Facebook’s veto over what friends get to tell us

David Weinberger has a great op-ed on CNN.com titled “When is Facebook NOT messing with your head?” on the recent “psychological experiment” controversy. My feelings are exactly the same that he expresses:

So, I’m upset about Facebook’s cavalier toying with our emotions, but I’m far more disturbed about what Facebook and other such sites do all the time.

And his analysis is spot-on:

Facebook … makes decisions about what we’ll know about our friends based on what works for Facebook, Inc., and only secondarily based on what works for us as individuals and as a society.

If you think about it, Facebook is incredibly incentivized to make sure we hear what our friends have to say, if that — directly or indirectly — increases Facebook’s revenue. And they are incredibly dis-incentivized to deliver what our friends might say that — directly or indirectly — decreases their revenue. The flood of information they could be delivering is too strong already, so they need to drop news before it gets to us, guess what they will drop and what they won’t?

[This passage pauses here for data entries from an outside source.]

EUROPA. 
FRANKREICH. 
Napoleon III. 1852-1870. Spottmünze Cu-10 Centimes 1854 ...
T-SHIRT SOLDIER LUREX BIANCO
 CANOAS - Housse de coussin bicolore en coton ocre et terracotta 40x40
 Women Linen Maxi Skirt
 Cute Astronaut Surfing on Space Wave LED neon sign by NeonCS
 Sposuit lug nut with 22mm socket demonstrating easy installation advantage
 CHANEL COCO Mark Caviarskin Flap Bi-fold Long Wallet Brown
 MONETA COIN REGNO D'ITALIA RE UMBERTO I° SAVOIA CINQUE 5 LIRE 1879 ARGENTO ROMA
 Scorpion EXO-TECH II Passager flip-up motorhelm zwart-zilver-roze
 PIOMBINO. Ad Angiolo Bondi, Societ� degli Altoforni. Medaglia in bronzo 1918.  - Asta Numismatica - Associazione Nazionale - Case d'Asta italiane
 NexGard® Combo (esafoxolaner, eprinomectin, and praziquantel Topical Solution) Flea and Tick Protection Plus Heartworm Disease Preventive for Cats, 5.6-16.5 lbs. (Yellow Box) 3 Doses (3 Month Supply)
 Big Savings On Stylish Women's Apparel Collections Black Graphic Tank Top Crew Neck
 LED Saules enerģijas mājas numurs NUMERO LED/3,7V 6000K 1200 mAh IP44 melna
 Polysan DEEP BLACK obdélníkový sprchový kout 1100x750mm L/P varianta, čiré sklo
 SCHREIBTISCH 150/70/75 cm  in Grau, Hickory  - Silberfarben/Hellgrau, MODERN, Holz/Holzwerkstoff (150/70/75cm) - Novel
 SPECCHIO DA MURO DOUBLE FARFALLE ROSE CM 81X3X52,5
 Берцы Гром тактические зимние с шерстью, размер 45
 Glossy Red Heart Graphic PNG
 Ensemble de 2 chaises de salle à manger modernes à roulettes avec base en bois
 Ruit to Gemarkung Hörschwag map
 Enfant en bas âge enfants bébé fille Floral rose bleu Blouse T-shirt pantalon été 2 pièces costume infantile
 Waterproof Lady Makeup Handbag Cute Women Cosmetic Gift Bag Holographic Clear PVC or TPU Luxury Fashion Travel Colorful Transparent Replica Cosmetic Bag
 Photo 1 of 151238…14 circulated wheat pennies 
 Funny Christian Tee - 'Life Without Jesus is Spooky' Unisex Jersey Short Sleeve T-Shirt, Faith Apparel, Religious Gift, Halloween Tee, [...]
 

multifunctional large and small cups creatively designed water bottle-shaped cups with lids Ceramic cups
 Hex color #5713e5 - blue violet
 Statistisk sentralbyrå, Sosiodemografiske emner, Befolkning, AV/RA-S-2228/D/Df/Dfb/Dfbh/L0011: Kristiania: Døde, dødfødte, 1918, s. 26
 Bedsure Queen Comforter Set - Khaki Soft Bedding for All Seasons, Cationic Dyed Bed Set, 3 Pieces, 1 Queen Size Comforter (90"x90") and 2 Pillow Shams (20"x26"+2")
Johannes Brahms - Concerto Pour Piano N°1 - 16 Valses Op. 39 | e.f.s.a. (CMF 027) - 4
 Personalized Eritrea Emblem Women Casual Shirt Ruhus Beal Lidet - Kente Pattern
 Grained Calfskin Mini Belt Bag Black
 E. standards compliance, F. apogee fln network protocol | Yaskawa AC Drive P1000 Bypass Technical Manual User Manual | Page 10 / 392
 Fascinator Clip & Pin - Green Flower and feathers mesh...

In stark terms: dear Facebook customer, say whatever you like, but it may be that your friends will never hear it unless it makes us money, in which case all your friends and their friends will hear it from every rooftop. And our investors will be happy. No, we aren’t sharing with our users either.

How strong is the manipulation? I don’t know. It would be rather interesting to measure it, not sure anybody has done that, and it would be hard thing to do. But make no mistake, they do manipulate the information flow between us and our friends, and between us and the world at large (otherwise they wouldn’t have a business! Or least not their current business.)

So what does David suggest?

I don’t know the answer, but it can’t come from a commercial entity whose overriding aim is to keep us coming back so we can buy more from its advertisers.

Exactly. A company’s goal must be to make their users happy first and everybody else second. Often, a very distant second. If we don’t demand that from our vendors, it’s like we walk into the store with a big sign “please manipulate me”. I’ve had enough of that kind of nonsense.